_Task prompt_
From the data below, please reproduce exactly everything from the line that contains "Fancy coloured diamond" down to the line that contains "Nighttime view of", with both ends included.

_Raw data_
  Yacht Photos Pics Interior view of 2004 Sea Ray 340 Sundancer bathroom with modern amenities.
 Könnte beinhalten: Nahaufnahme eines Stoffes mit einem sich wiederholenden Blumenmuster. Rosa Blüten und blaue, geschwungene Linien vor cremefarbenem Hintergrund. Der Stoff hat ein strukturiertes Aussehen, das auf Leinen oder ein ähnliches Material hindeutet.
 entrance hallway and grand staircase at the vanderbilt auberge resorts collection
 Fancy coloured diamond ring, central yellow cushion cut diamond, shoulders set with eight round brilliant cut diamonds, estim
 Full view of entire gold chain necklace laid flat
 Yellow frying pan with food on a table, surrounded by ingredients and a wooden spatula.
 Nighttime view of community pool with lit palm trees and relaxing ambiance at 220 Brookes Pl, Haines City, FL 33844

==

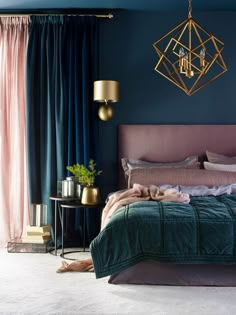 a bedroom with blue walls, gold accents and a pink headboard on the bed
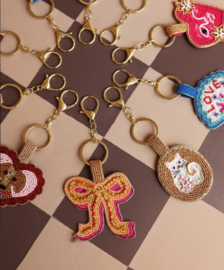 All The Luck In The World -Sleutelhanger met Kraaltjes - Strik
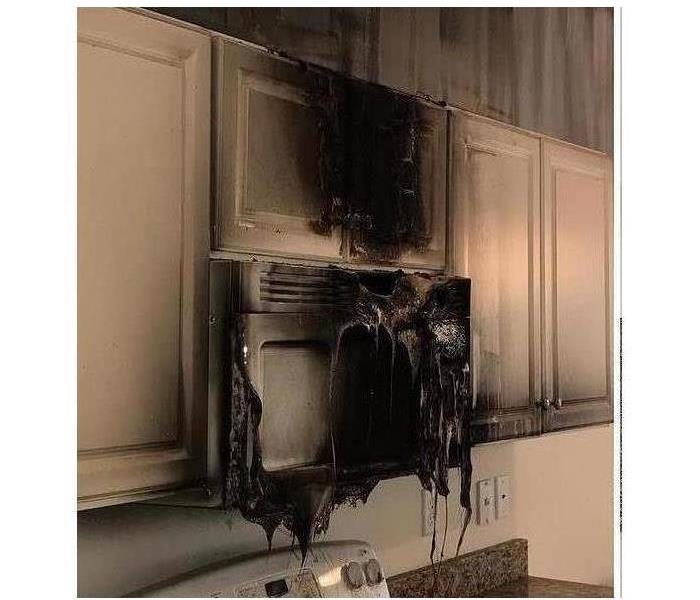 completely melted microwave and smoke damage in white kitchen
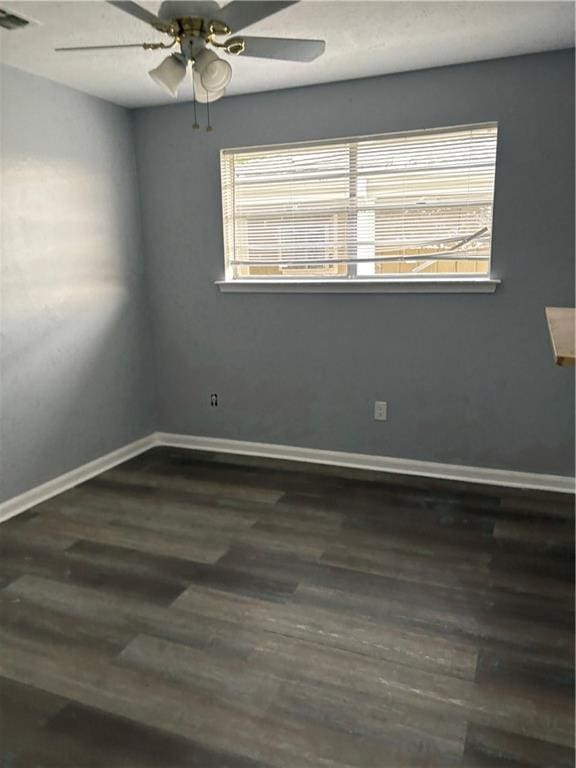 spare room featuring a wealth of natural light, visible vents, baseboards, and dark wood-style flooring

==

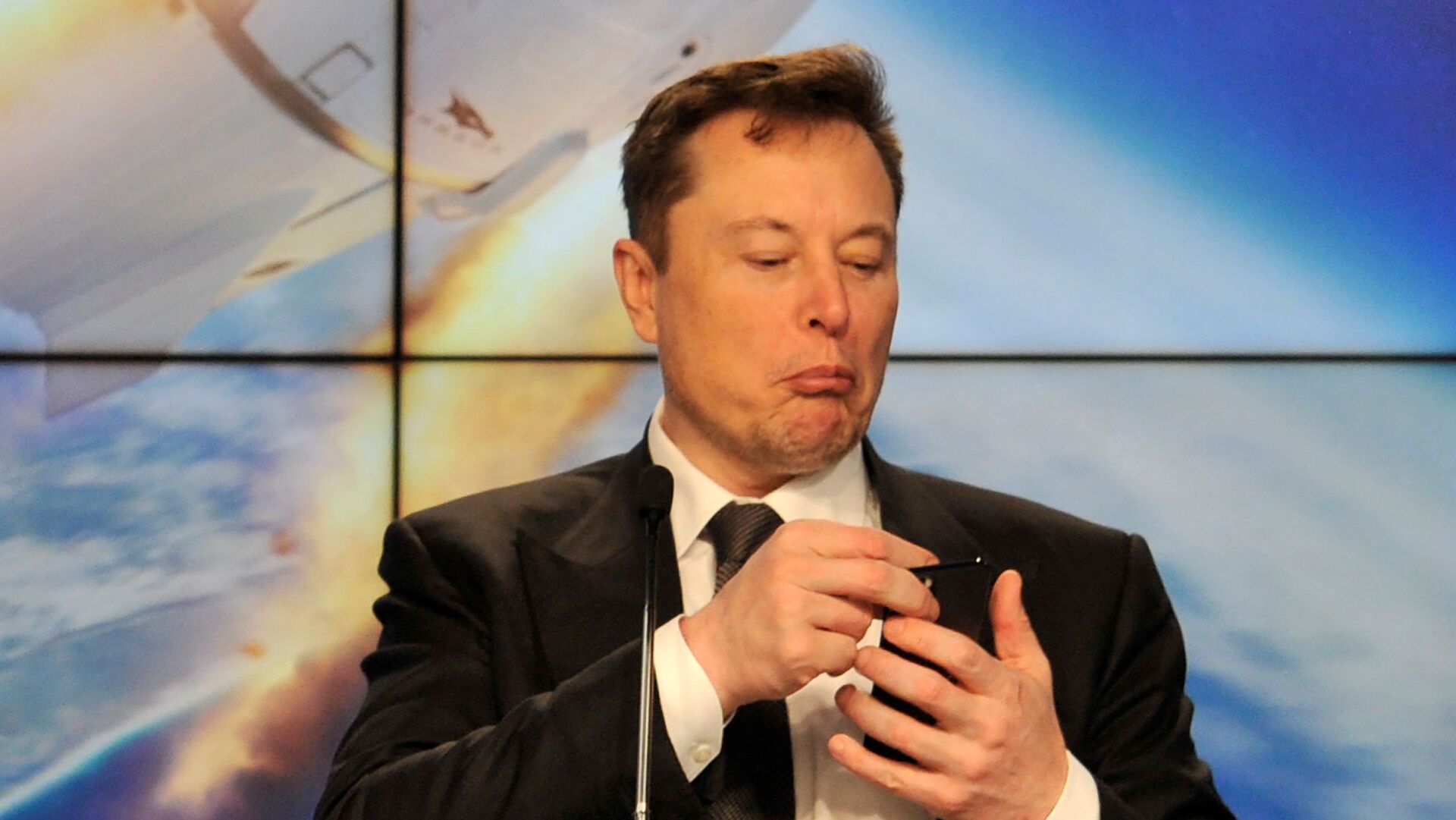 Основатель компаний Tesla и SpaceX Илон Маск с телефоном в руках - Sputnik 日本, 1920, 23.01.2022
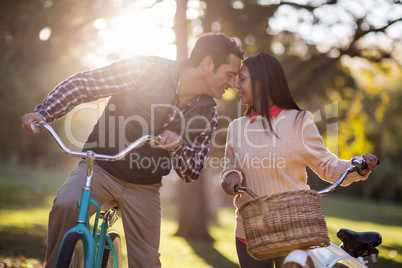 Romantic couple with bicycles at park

_Response area_
 Fancy coloured diamond ring, central yellow cushion cut diamond, shoulders set with eight round brilliant cut diamonds, estim
 Full view of entire gold chain necklace laid flat
 Yellow frying pan with food on a table, surrounded by ingredients and a wooden spatula.
 Nighttime view of community pool with lit palm trees and relaxing ambiance at 220 Brookes Pl, Haines City, FL 33844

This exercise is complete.